### What to produce
In the entries below, begin at the line that has "Trumpchi M8 2023" and stop after the line that has "photo de KOPPELINGKLOK"; output those lines exactly, leaving out pictures.
◇ ◇ ◇
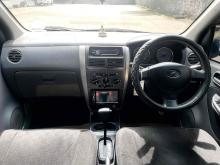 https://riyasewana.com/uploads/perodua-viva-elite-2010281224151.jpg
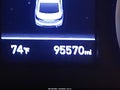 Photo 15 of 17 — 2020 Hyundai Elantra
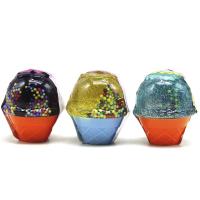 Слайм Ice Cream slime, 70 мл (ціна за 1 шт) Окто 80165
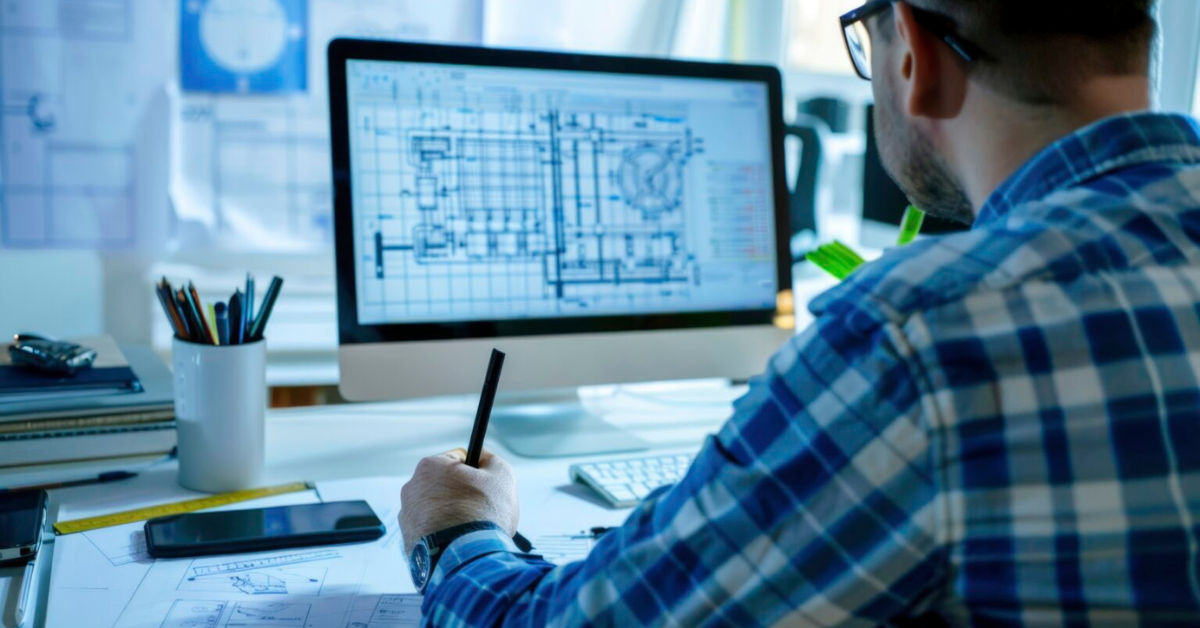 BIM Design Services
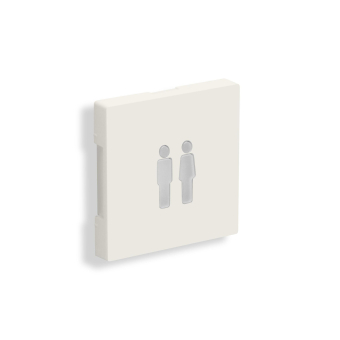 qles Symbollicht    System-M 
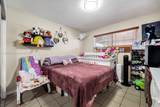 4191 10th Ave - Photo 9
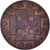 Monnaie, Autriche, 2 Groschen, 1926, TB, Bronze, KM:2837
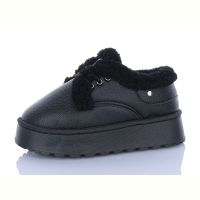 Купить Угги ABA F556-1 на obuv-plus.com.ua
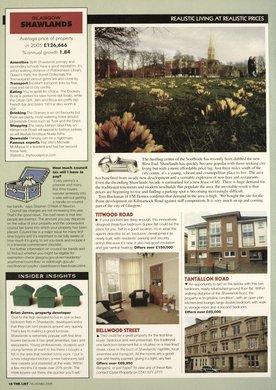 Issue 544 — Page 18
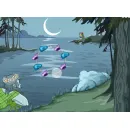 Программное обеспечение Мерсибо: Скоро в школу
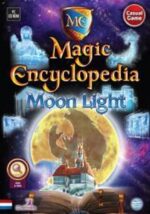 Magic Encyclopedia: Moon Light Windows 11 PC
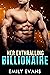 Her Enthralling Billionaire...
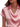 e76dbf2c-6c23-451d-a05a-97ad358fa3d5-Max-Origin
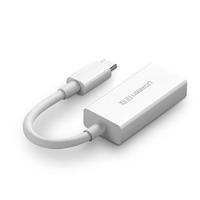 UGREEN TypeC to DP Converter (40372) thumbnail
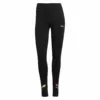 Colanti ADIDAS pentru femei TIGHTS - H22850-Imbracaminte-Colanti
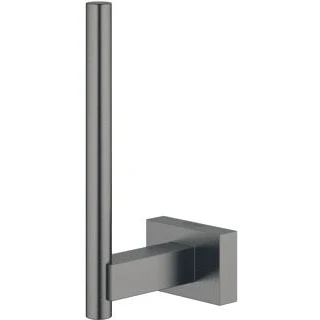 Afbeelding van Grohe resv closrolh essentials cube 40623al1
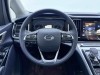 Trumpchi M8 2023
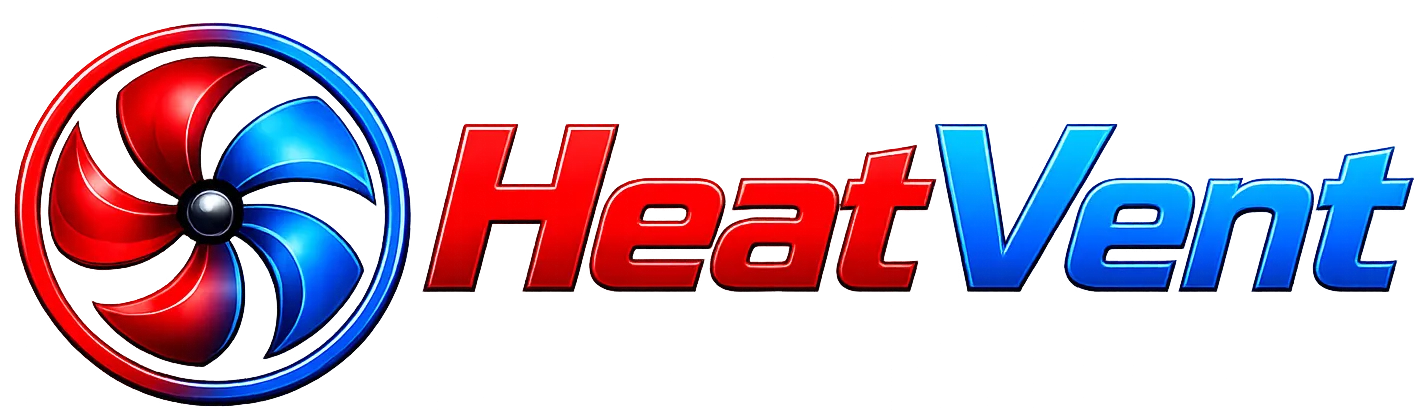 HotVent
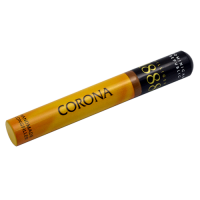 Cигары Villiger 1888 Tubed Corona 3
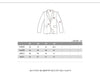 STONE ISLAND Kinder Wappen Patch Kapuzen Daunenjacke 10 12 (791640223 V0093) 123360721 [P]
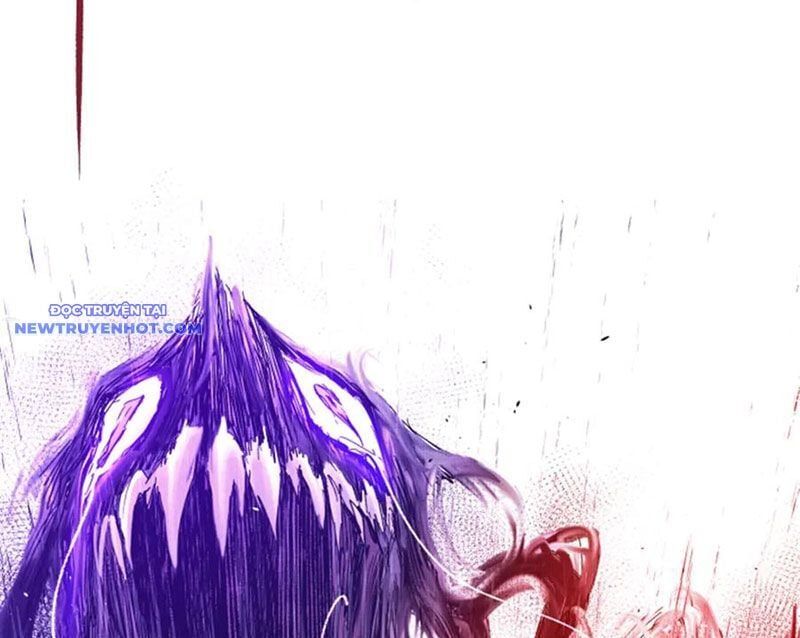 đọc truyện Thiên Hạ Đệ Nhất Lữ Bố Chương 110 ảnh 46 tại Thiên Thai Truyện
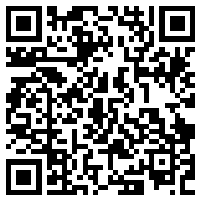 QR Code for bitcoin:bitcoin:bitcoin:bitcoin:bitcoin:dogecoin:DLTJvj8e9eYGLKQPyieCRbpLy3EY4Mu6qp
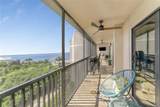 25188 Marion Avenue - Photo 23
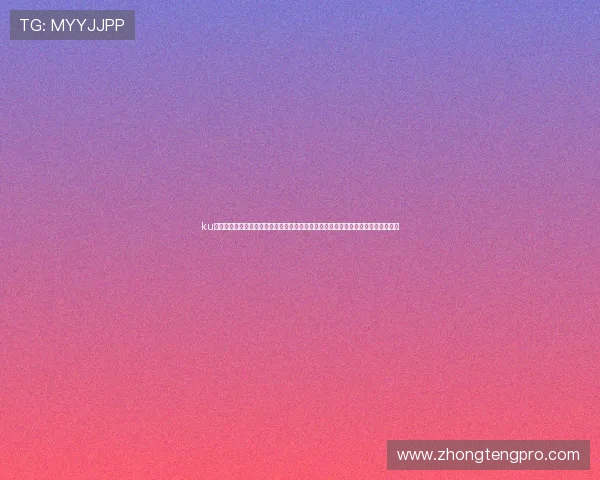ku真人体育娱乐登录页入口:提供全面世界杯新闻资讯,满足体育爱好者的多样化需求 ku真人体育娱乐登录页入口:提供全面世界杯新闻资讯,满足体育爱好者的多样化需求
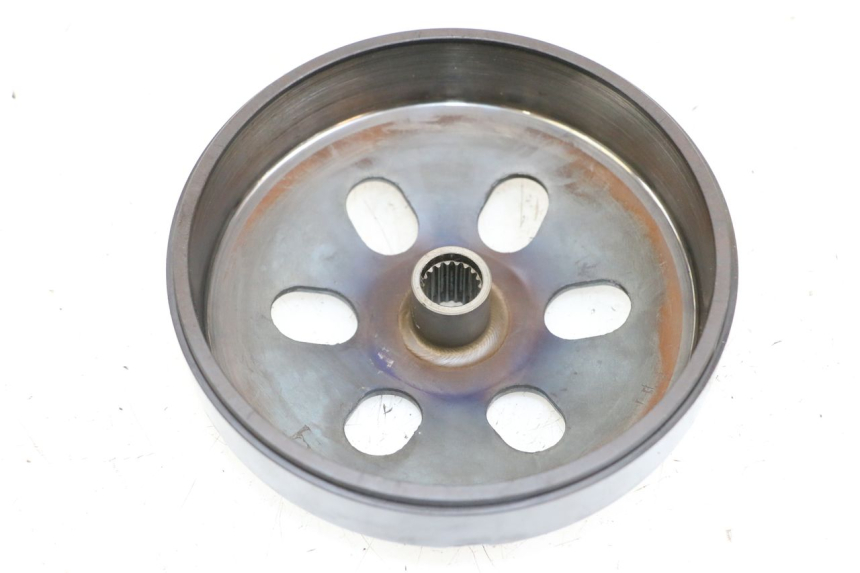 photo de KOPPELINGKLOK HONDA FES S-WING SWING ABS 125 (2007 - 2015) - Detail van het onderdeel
◇ ◇ ◇
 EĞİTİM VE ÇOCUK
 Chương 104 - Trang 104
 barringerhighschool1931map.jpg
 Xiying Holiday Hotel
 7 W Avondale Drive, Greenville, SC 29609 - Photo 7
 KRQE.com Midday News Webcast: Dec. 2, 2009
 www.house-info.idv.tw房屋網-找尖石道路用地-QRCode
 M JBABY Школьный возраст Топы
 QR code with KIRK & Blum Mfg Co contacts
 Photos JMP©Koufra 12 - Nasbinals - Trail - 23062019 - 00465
◇ ◇ ◇
### Your response
 Trumpchi M8 2023
 HotVent
 Cигары Villiger 1888 Tubed Corona 3
 STONE ISLAND Kinder Wappen Patch Kapuzen Daunenjacke 10 12 (791640223 V0093) 123360721 [P]
 đọc truyện Thiên Hạ Đệ Nhất Lữ Bố Chương 110 ảnh 46 tại Thiên Thai Truyện
 QR Code for bitcoin:bitcoin:bitcoin:bitcoin:bitcoin:dogecoin:DLTJvj8e9eYGLKQPyieCRbpLy3EY4Mu6qp
 25188 Marion Avenue - Photo 23
ku真人体育娱乐登录页入口:提供全面世界杯新闻资讯,满足体育爱好者的多样化需求 ku真人体育娱乐登录页入口:提供全面世界杯新闻资讯,满足体育爱好者的多样化需求
 photo de KOPPELINGKLOK HONDA FES S-WING SWING ABS 125 (2007 - 2015) - Detail van het onderdeel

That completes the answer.